### Goal of the exercise
The entries below contain a line with "Favorite Daughter Dad's" and a line with "Mid Century Modern". Retype exactly everything from the first down to the second, both included, and nothing else.

### Raw data

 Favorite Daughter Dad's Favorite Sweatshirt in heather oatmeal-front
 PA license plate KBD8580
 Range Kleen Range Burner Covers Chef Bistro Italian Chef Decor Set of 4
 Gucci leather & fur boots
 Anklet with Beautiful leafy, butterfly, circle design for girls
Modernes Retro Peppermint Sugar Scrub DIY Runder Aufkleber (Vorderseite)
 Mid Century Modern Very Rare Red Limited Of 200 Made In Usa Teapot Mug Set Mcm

---

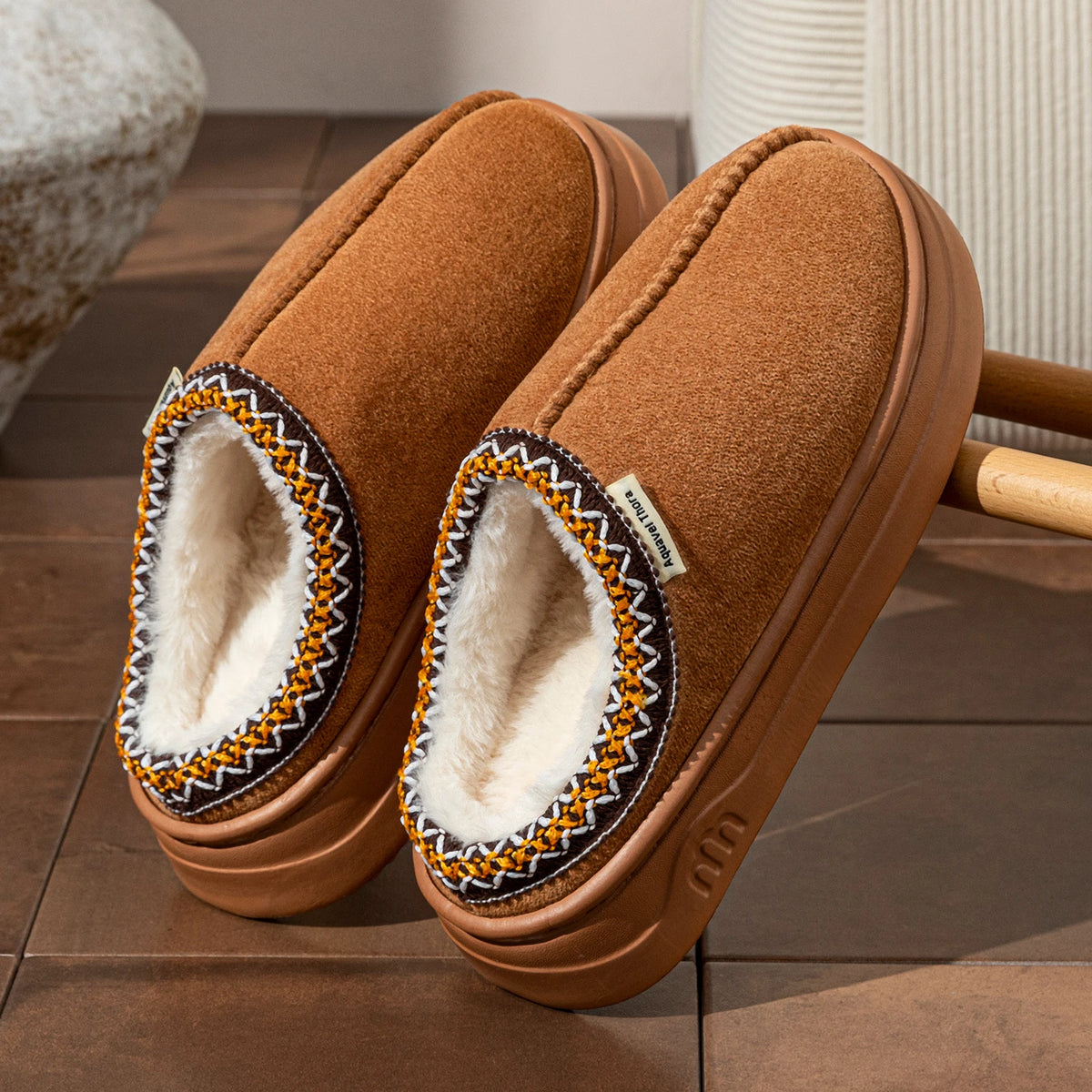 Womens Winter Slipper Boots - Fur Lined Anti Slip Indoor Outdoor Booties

...

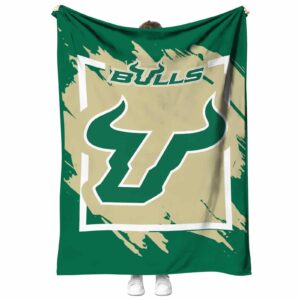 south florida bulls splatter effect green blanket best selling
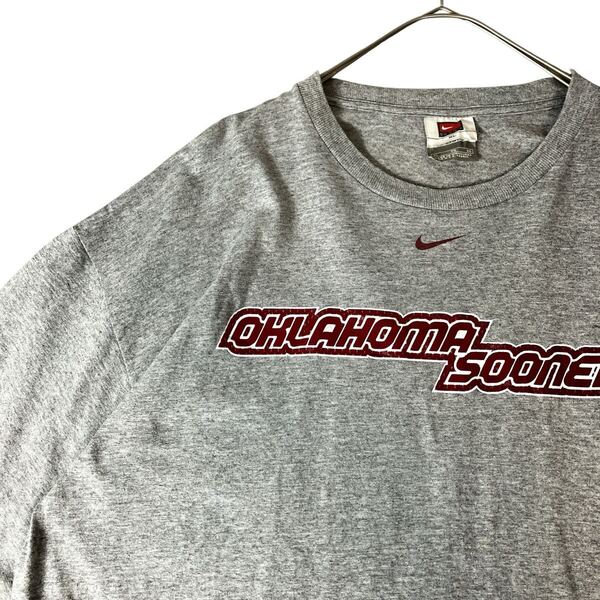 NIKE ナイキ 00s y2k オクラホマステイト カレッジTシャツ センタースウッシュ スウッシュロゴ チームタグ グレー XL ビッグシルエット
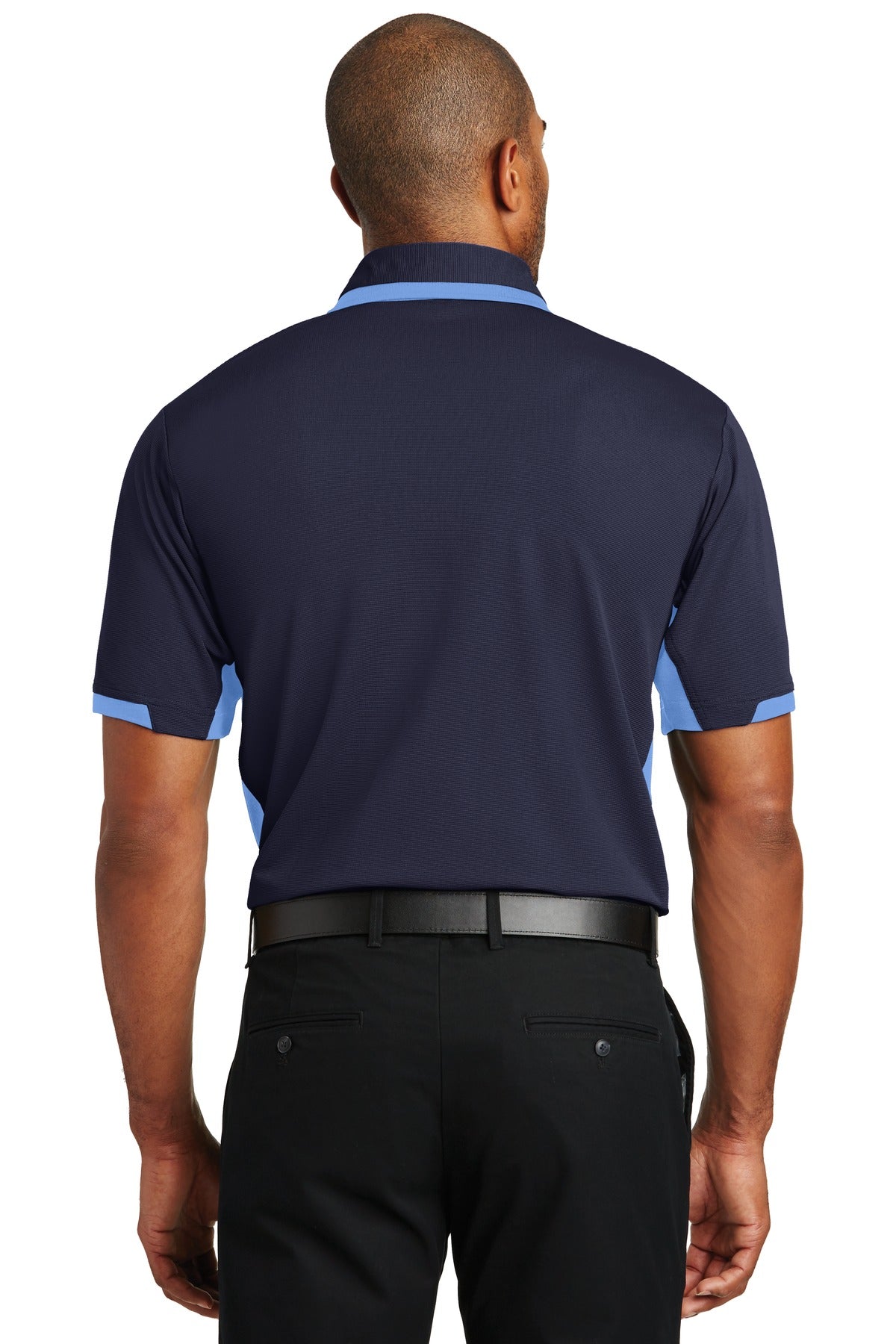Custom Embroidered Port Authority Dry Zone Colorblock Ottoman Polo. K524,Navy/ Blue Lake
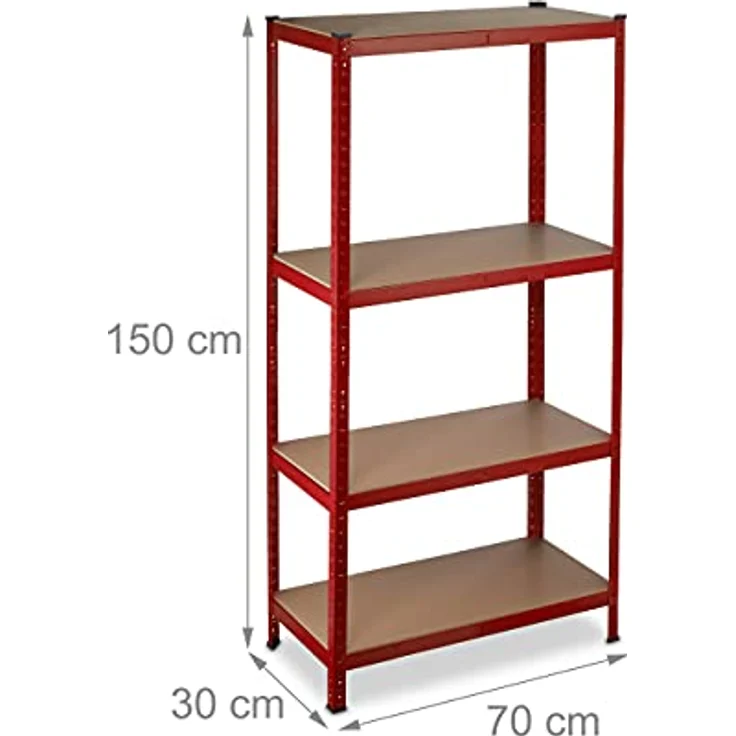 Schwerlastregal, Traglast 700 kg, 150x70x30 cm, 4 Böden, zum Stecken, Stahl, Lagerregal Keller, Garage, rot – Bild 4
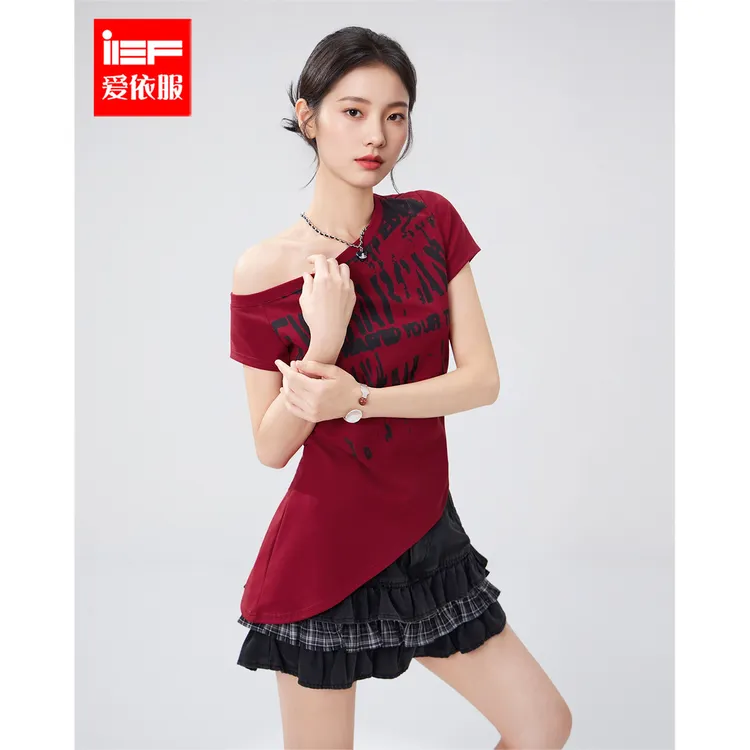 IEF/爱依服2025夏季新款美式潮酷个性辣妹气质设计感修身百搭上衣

### Exercise answer
 Favorite Daughter Dad's Favorite Sweatshirt in heather oatmeal-front
 PA license plate KBD8580
 Range Kleen Range Burner Covers Chef Bistro Italian Chef Decor Set of 4
 Gucci leather & fur boots
 Anklet with Beautiful leafy, butterfly, circle design for girls
Modernes Retro Peppermint Sugar Scrub DIY Runder Aufkleber (Vorderseite)
 Mid Century Modern Very Rare Red Limited Of 200 Made In Usa Teapot Mug Set Mcm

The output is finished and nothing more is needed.